Félix de Azua-El País
Si en el siglo XX era necesario tener un nombre propio para existir socialmente, en el siglo XXI es imprescindible pertenecer a un colectivo
El siglo XX fue un tiempo de fuerte individuación. Aún hoy recordamos cientos de nombres propios: individuos distinguidos en la ciencia, las artes, la política, las finanzas. Hubo miles de nombres propios, excepto en lugares donde solo cabía un manojo: la Unión Soviética, China, Cuba. El nombre del dictador y su cuadrilla aplastaban a millones de individuos innominados. Algunos directores de cine, escasos artistas, unos pocos músicos salieron de allí, selección insignificante frente a las decenas de miles de individuos reconocibles en el mundo libre.

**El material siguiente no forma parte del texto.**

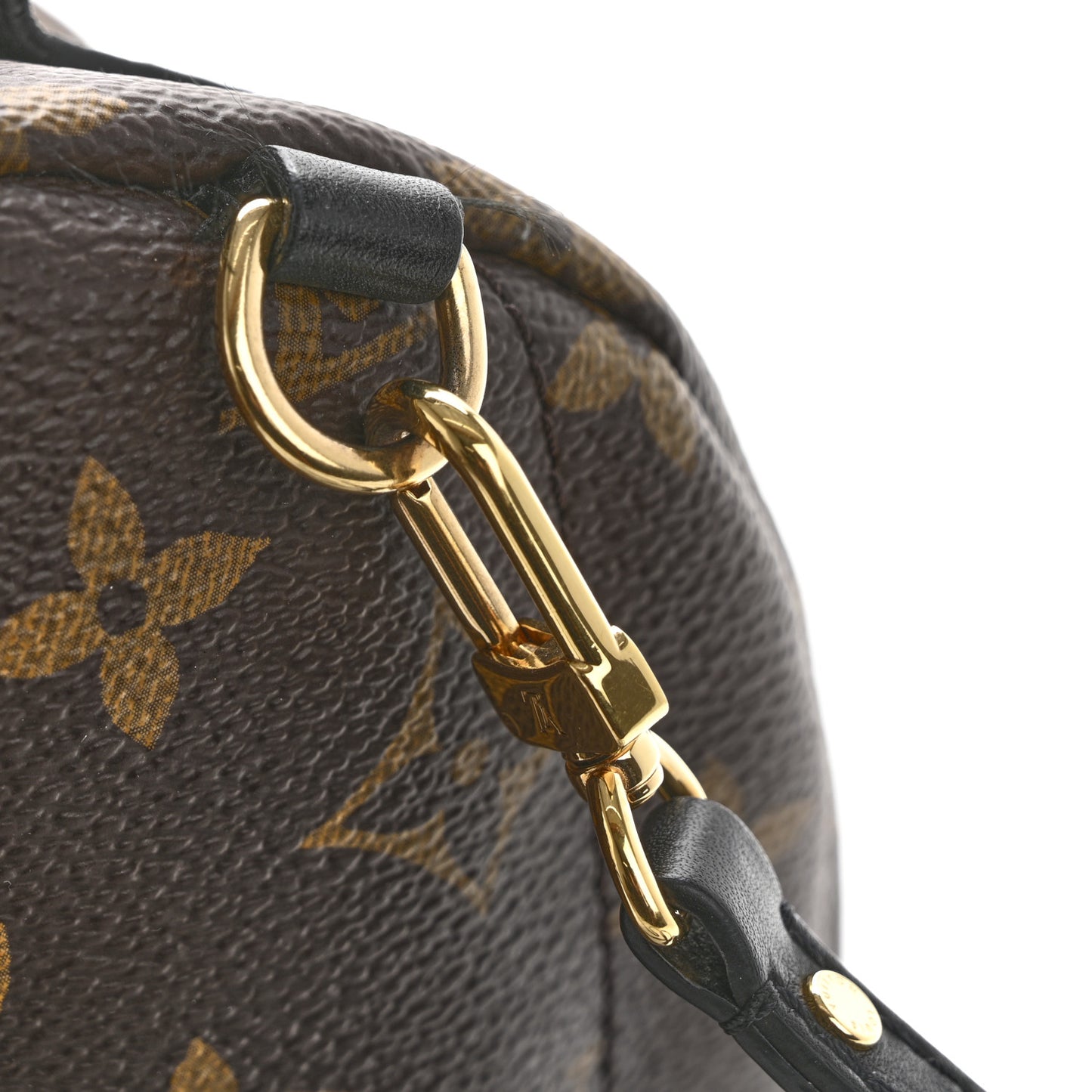 Monogram Palm Springs Backpack Mini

Ahora el tiempo ha forzado un nuevo giro hacia el anonimato. Los nombres propios son hoy efímeros y en abrumadora cantidad surgidos de la industria del espectáculo y la prensa sentimental. Pero este retroceso de lo individual hacia la masa ya no es el resultado de la presencia aplastante de un jefe, sino el efecto de las nuevas identidades gregarias, las únicas que tienen presencia social: oprimidos étnicos, grupos de liberados sexuales, minorías nacionales, géneros maltratados, explotados laborales singulares, humanos de cuerpo infrecuente, élites raciales humilladas y así sucesivamente. Si en el siglo XX era necesario tener un nombre propio para existir socialmente, parece que en el siglo XXI es imprescindible pertenecer a un colectivo si uno quiere obtener presencia social, dinero y gozar de derechos.
¿Es esto bueno?, ¿es malo? Depende del lado en el que caigas. Si aún no te has fundido en una grey agraviada, búscala de inmediato, pero si no encuentras ninguna, no te preocupes. Pronto verás despachos y empresas que otorgarán patentes de novedad oprimida para la explotación de identidades gregarias. Mejor que los partidos.